━━━ Provided records
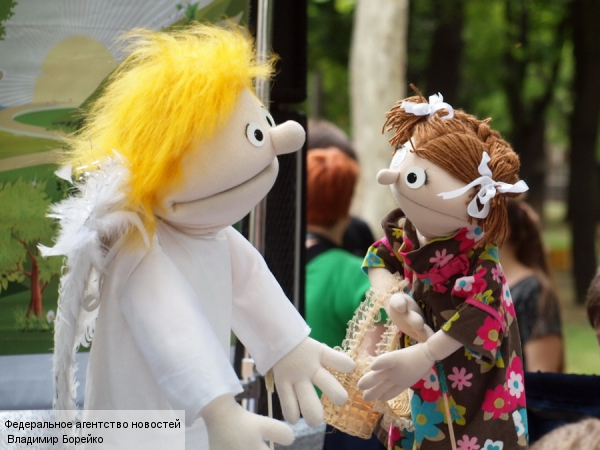 Омичи ввели санкции против польских и болгарских кукольников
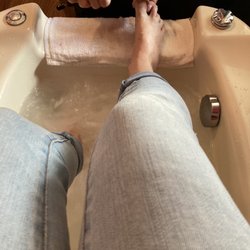 Pink Ivory Salon - Pedi time!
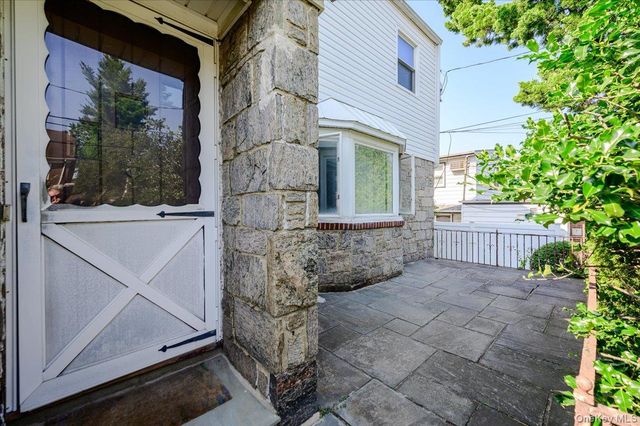 1080 Roselle Place, Woodmere, NY 11598
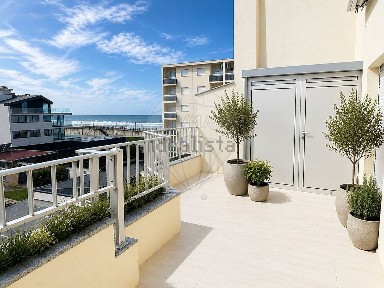 Apartamento T3 à venda na Rua Doutor Manuel Martins Costa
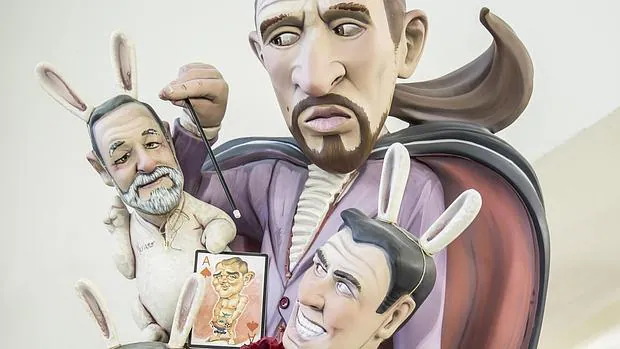 Pablo Iglesias, de mago, con Mariano Rajoy, Pedro Sánchez y Albert Rivera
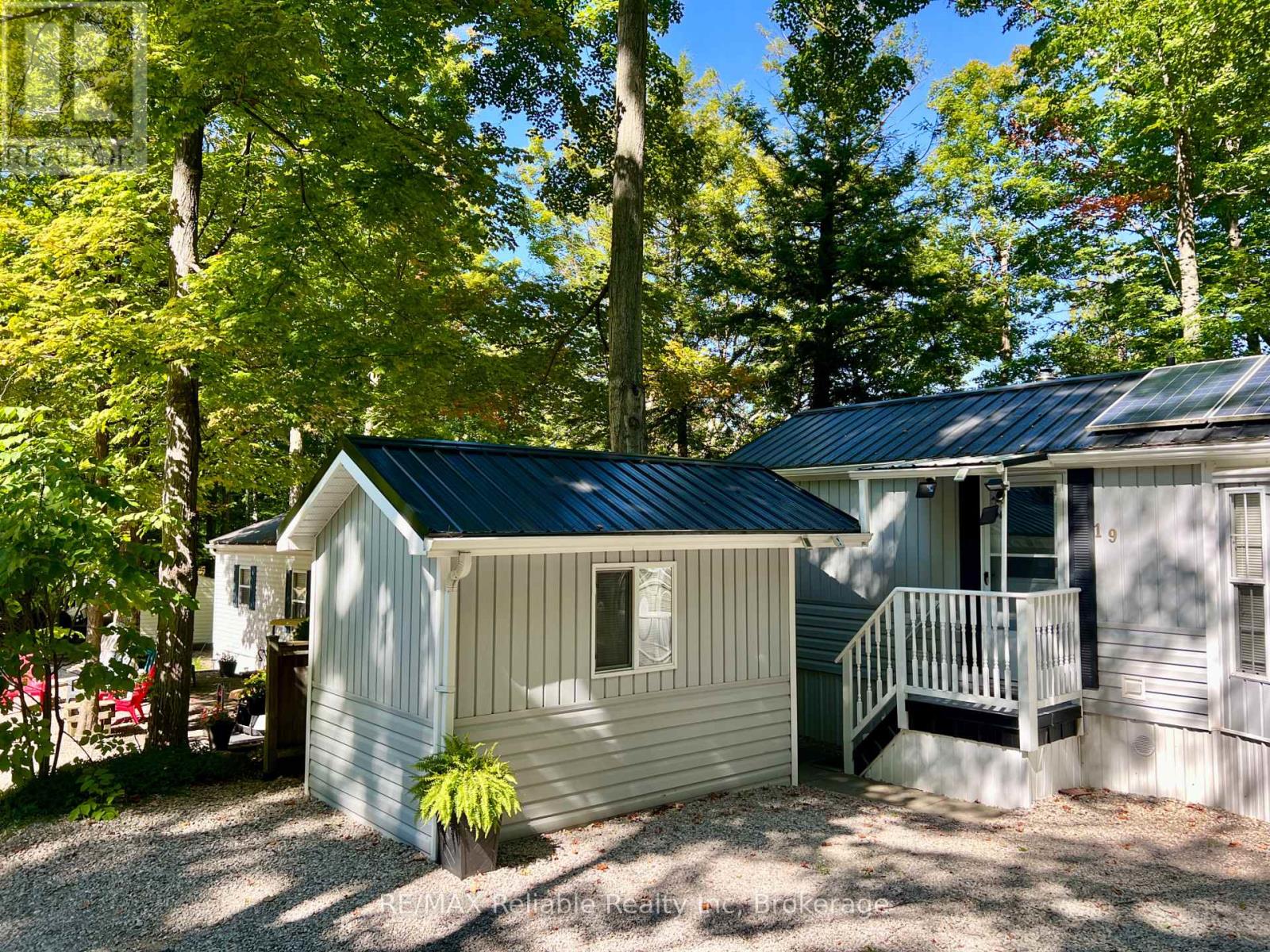 19 - 76735 Wildwood Line, Bluewater, Ontario  N0M 1G0 - Photo 32 - X12406787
━━━━━━
- Problem requirements
Your task is to repeat, word for word and with no picture, every line from the one that contains "Pablo Iglesias, de" through the last line of the data.

- Answer space
 Pablo Iglesias, de mago, con Mariano Rajoy, Pedro Sánchez y Albert Rivera
 19 - 76735 Wildwood Line, Bluewater, Ontario  N0M 1G0 - Photo 32 - X12406787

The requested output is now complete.